Komunitas Kretek Minta Prabowo-Gibran Memihak Industri Tembakau

Industri tembakau dianggap hadapi regulasi merugikan

Intinya Sih...

  • Komunitas Kretek memohon pemerintahan baru untuk berpihak pada industri tembakau
  • Peraturan Menteri Kesehatan tentang kemasan rokok polos tanpa merek dinilai merugikan industri tembakau

Jakarta, IDN Times - Komunitas Kretek memohon pemerintahan baru yang dipimpin Prabowo-Gibran untuk berpihak terhadap industri tembakau usai munculnya berbagai regulasi diskriminatif dari pemerintahan saat ini.
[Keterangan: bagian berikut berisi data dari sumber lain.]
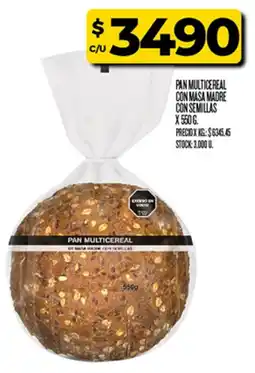 Supermercados DIA Pan multicereal oferta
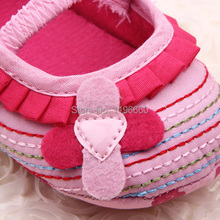 Cotton Cloth Four Flower Baby Shoes Striped Sole Shoes for Kids Cute Toddler Shoes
Salah satu yang menjadi polemik bersama adalah Rancangan Peraturan Menteri Kesehatan (RPMK) sebagai aturan turunan Peraturan Pemerintah (PP) Nomor 28 Tahun 2024 dengan kebijakan kemasan rokok polos tanpa merek di dalamnya.

Juru Bicara Komunitas Kretek, Khoirul Atfifudin menilai, berbagai penolakan terhadap aturan kemasan rokok polos tanpa merek yang disuarakan oleh DPR dan sejumlah asosiasi menandakan aturan yang diinisiasi Kementerian Kesehatan (Kemenkes) tersebut dibuat secara terburu-buru, tidak menyeluruh, dan tanpa partisipasi publik memadai.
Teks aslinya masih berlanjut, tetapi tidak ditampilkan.